Friday, August 31, 2007

Phase I - Nonsense

This post is dedicated to R, for the shoulder to cry on , for the times she kicked me when I needed it, for being there for me, always.
You're the best, hon.

Statutory warning: Smoking is injurious to health.
Also, this is a very long post.

The Onam holidays are on now, and I have nothing to do but sit at home and study. Study, yeah, right. So I thought I’d do a series on medical education. Readers (R, that’s you. You know no one else reads my blog. You’ll get that biryani tomorrow.) expecting Albert Schweitzer’s experiences in medical school are requested leave before they are disappointed.

Our syllabus is divided into 3 phases. Phase I consists of non-clinical subjects, phase II of paraclinical subjects, and phase III of clinical subjects, taking 9 semesters, in the ratio 2:3:4. Then there is the rotating internship for a year, after which we graduate as full-fledged doctors with a licence to heal. That was cornier than a cornfield, but I couldn’t think of a better word. Alternatives are welcome. (R, that means you should leave a comment. You’ll get an ice cream after the biryani for that).

Those who fail to pass phases I and/or III will lose 6 months, and will become what is called an ‘additional’ batch. They will be 6 months behind the ones who passed, and 6 months a head of the junior batch.

Phase I, the first 2 semesters, is called (surprise!) first year. Phase II, that is semesters 3, 4 and 5, is called (surprise! No, really.) third year (see?). No one knows why. Medicos just do not have a second year. Legend has it that when Adam sent Cain and Abel to medical college, Cain failed his first year exam, and went into the additional batch. Since there were only 2 students in the college at the time, Cain was alone in his batch. The authorities felt sorry for Cain, because he cried, and said that first year will be made a year-and-a-half long, so that Abel would still be still be in first year. Abel did not like this very much, and insisted that he was a second year student, since a year was over. Abel promptly decided he too was a second year. Abel , who did not like this at all, gnashed his teeth and muttered under his breath. After all, Cain was his brother, and his only classmate. At the end of 6 months, they took the exam again, but Cain failed, again.

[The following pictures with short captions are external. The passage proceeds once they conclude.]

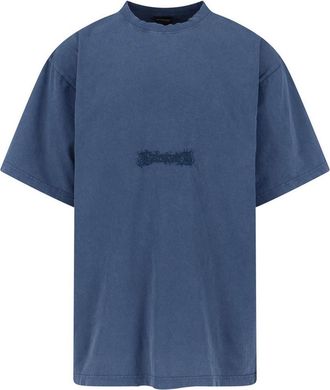 Balenciaga Logo T-Shirt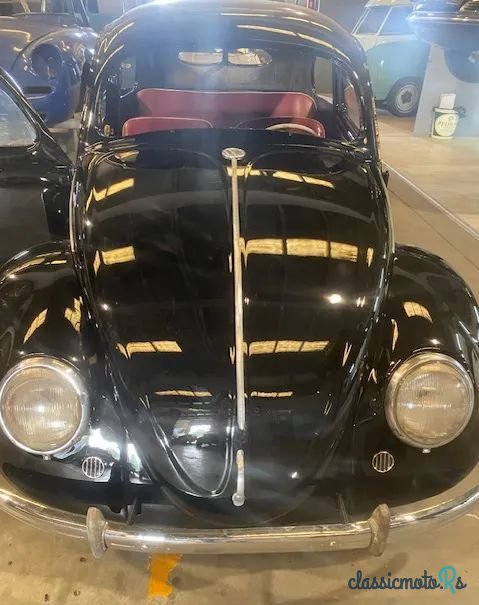 1950' Volkswagen Carocha photo #6
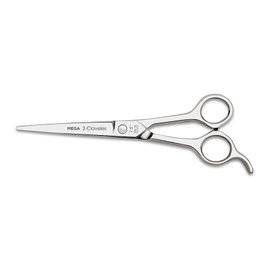 Tres Claveles Mega 7,5 pouces Ciseaux de Coiffure Microdentés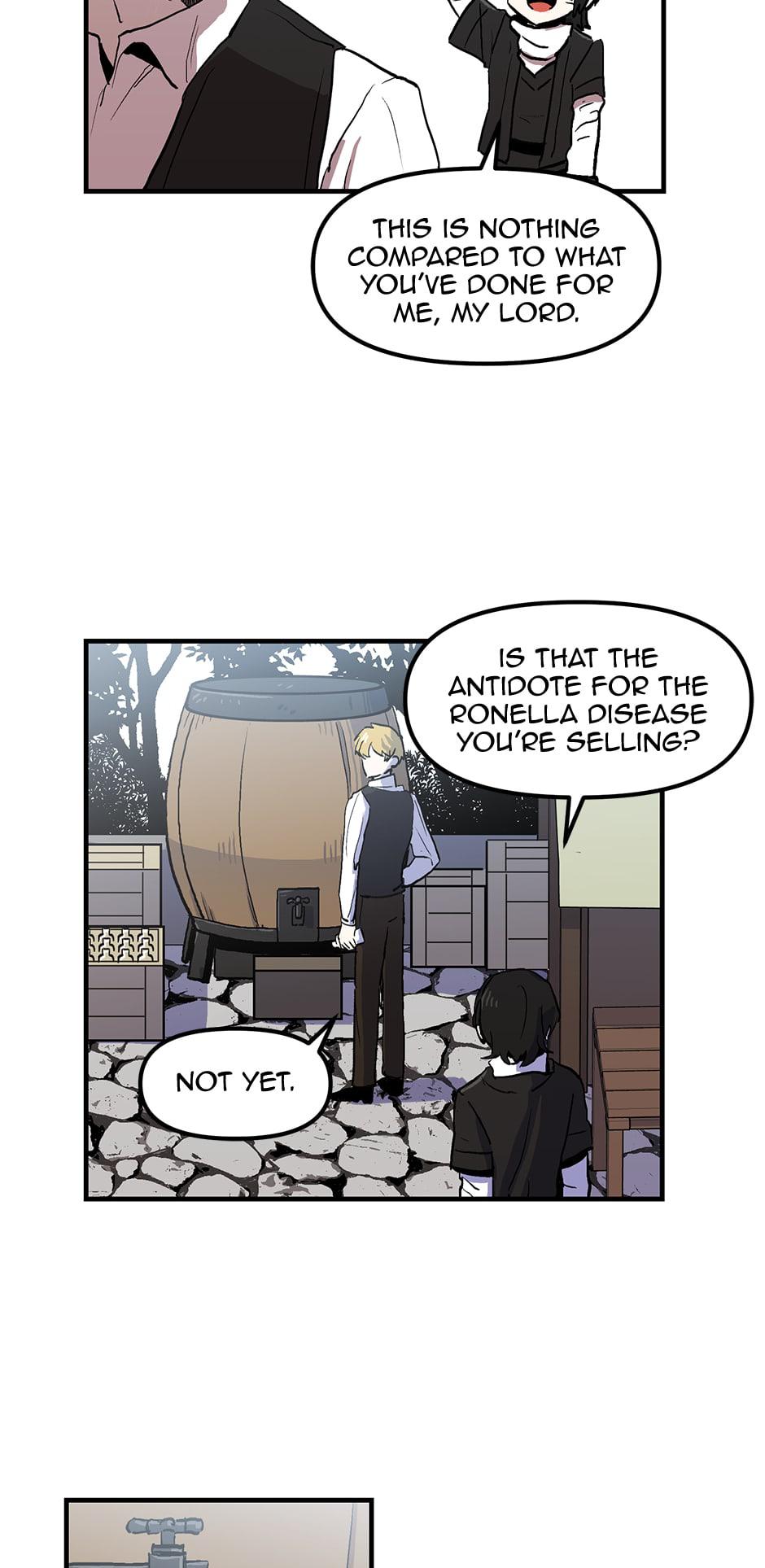 Solo Bug Player Chap 10 - Next Chap 11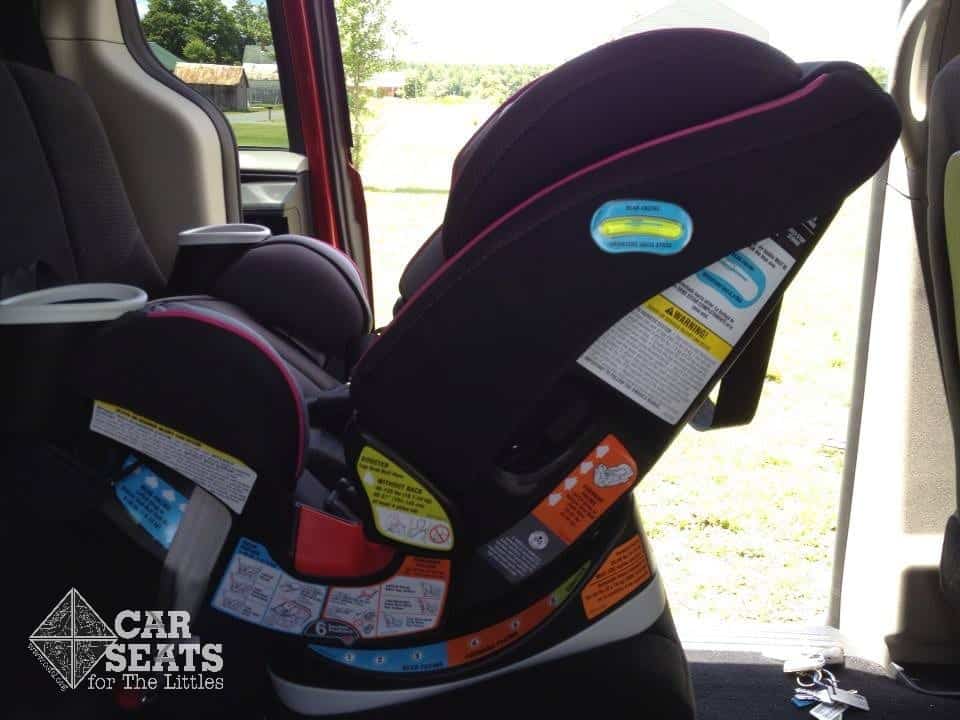 Car Seats For The Littles | Graco 4Ever All-in-One ReviewGraco 4Ever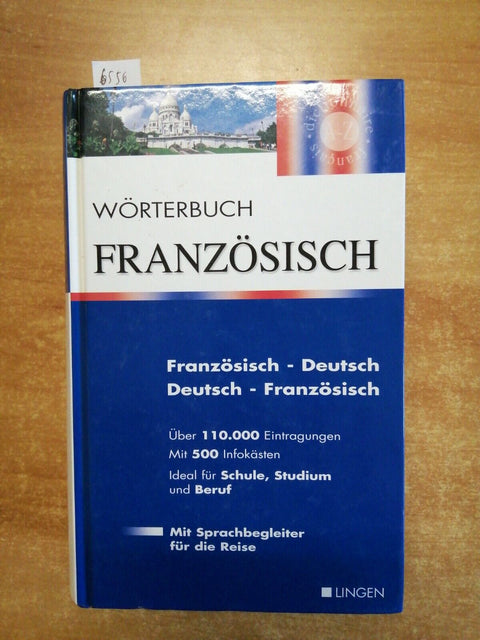 WORTERBUSCH - FRANZOSISCH-DEUTSCH DEUTSCH-FRANZOSISCH - LINGEN - 2005 - (65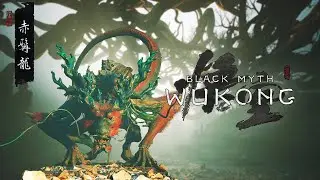 Red Loong Boss Theme | Black Myth: Wukong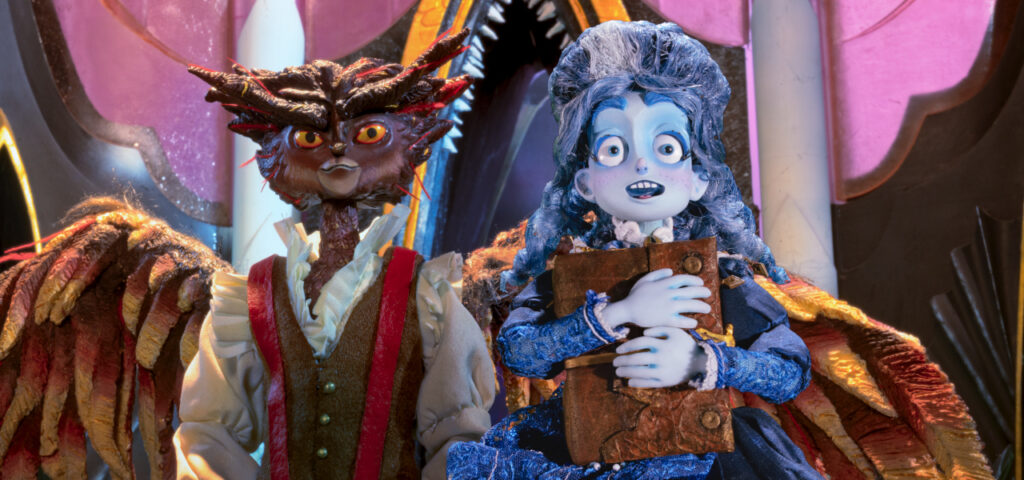 Netflix Picks Up Mexico’s ‘I Am Frankelda’ For 2026 Release I Am Frankelda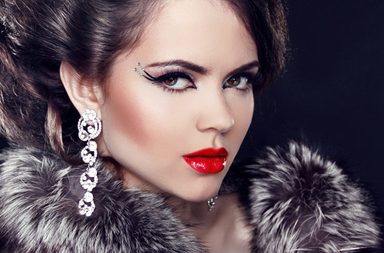 بالصور، إصدارات مميّزة للماسكارا في العام 2015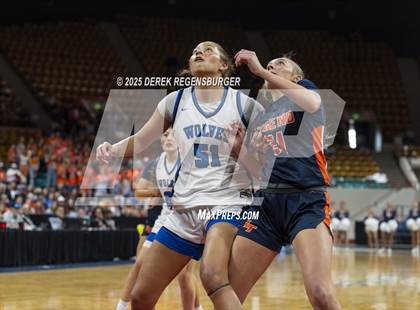 Thumbnail 1 in Grandview vs Legend (CHSAA 6A Final) photogallery.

Abel had passed, and he began to refer to himself as a third year student, since Cain was still in his second year. Cain, who did not like this at all, got very angry and killed Abel. The authorities saw that the whole problem was caused because Cain was still in the second year, and said, “Let there be no more second year for medicos. Amen.”

Phase III has 2 parts- part 1 (semesters 6 and 7) is called fourth year, and the final 2 semesters make up the final year.

I walked into class on my first day, and saw that I had 200 classmates. Yes, 200. No, actually, it’s 199, not counting me. Wait a minute. There were 199 students in total. But if you count the teacher, there are 200 people in a class. Oh, but attendance has never been higher than 90%, so… Aaahh!!! *tears out hair in frustration* There are 199 names in the register. *whew*

I knew about 4 or 5 people previously, the rest were all strangers. People from different places, different settings, different outlooks, with one very important thing in common- all of us had new white coats. Haha, I was kidding. Some used their old lab coats from school.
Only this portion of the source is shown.